Eore and I were directed into their headlights. We were quickly flanked while the focused beams of their flashlights bounced around my possessions. Why are they facing away from the corn field? Are they guarding the corn field - what’s in the corn? Are they raiding the party? Whose at that party? Fuck. The biggest story to hit my farm town as a kid was a local arrest by the Provincial Police who spotted pot hidden in a corn field from a Cessna overhead. I was close enough to town to hear the murmur of spanish and laughter, smell the woodsmoke of cook fires - but I felt alone and distant from the cervezas and rhythmic hips, from my life in San Diego and from the corn fields back home; I felt the distance more acutely than ever before.
Alright, I don’t have any pot and no firearms - relax. The reassuring vibration and sputter of Eore’s engine stopped as I turned the key. The best place for my hands seemed to be just above the steering wheel. Fuck, this probably looks guilty.
“habla espanol? Get out,” barked the soldier at my door. He didn’t care to hear my reply.
“Un poquito,” I dumbly answered. Two soldiers pushed me off to the edge of illumination. FAL pattern rifles were pointed down but shouldered with fingers on the trigger guards. This wasn’t the - loose weapons dangling on slings - search I was used to. Don’t look at the fields, who cares what’s in the fields.
Eore, my Land Rover, was being stripped of the gear we carried. Rough and eager hands inspected tools, repair parts, my dirty undies, an axe, my new MSR Whisperlite stove - and tossed them in the dust of a growing pile. A four-inch folding knife was tucked in the right side of my waistband. It spurred my temper, but I felt foolish, violated and helpless. Bastards. The bastards stopped a dumb gringo in the dead of night. A lost, horse shit smelling gringo running agriculture access roads far from the primary arteries north. A dumb, unwittingly suspicious gringo.
In the prohibition north, under the same moonless sky, individuals make a choice to disappear into smoke and powder. On city streets the death flares of muzzle flashes spark in concert with their lighters. Violence marks the drug corridors to, through and from every major city. Like a great snake that sheds its skin on the journey north - bloodstains mark the ground with the frequency of graffiti, and the ghosts of innocence struggle to shake the trophies of sadistic coyotes from border rape tree branches.
At the School of the America’s, US forces train the next batch of latin drug war combatants. Their tactics, funding and equipment will fan out across Central and South America to engage drug lords, gang youth and political dissidents alike. Overhead, DEA aircraft will lay a cover of chemical fog over indigenous lands, crops, and rural neighbourhoods. Some people might fall sick to tainted air or water, some will bend to the will of local thugs or brake like their corn put to the scythe.

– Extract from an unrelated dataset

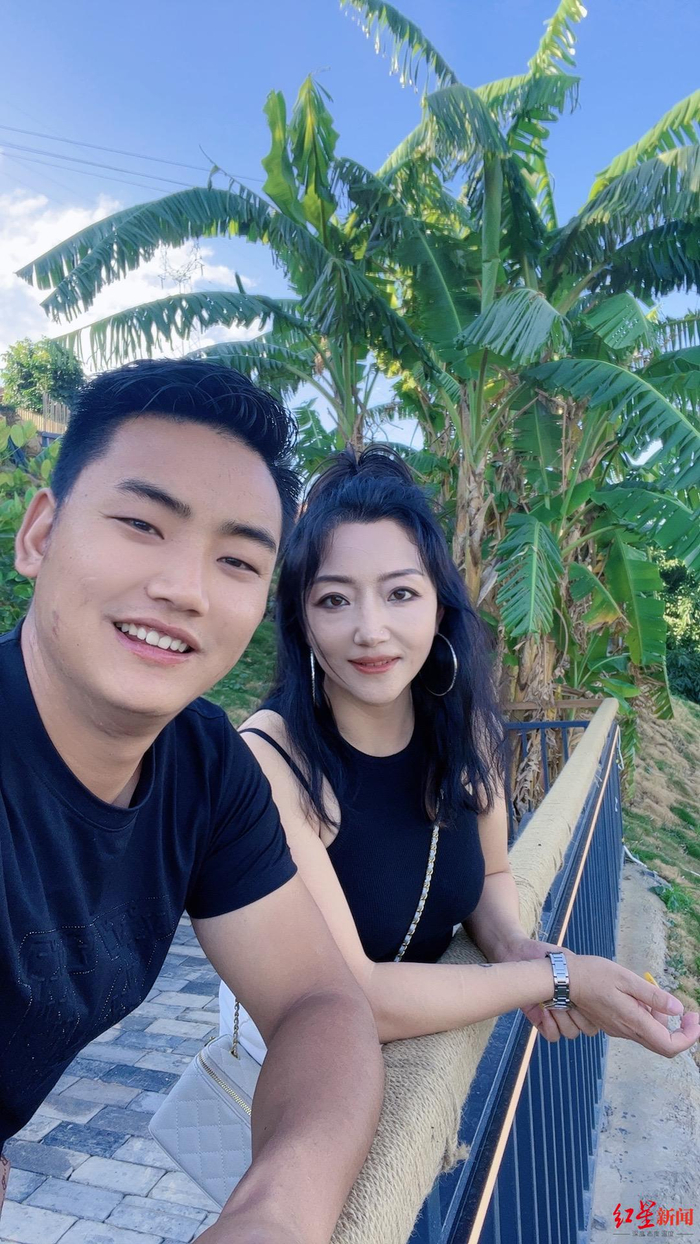 ↑黑先生与冯女士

Satisfied - I guess. The soldiers minding me put rifle slings over shoulders and walked away. I stuffed clothes into my backpack. I shook the dust from my tent. I placed my fuel and water cans in their proper place and order - a plastic water can alternating with a metal fuel jerry. On rough tracks the metal cans together would clang and thud; it was an effort - particularly important in this moment - to reintroduce some small order to the chaos and hold it firmly, safely in place under a ratchet strap in my small space.
We idled on the side of the road outside of town; Eore and I. The party was over. The electic light was an obnoxious glare over the clanking bottles of cleanup, and the military concealed in the nearby fields. The musicians had left the stage and played disjointed fragments of tunes sung in low voices to a few lingering, doe eyed girls. I felt disappointment. The persistent nag of anger. There would be no cold Tecate. The platoon in the regimented rows of corn had been too much of a juxtaposition to the Tang fuelled liberty of the cactus desert. I had a long highway slog north to mull over the price of state control over individual liberty, and the far reaching consequences of policies to save people from themselves. A new prospective from a corn field far from home.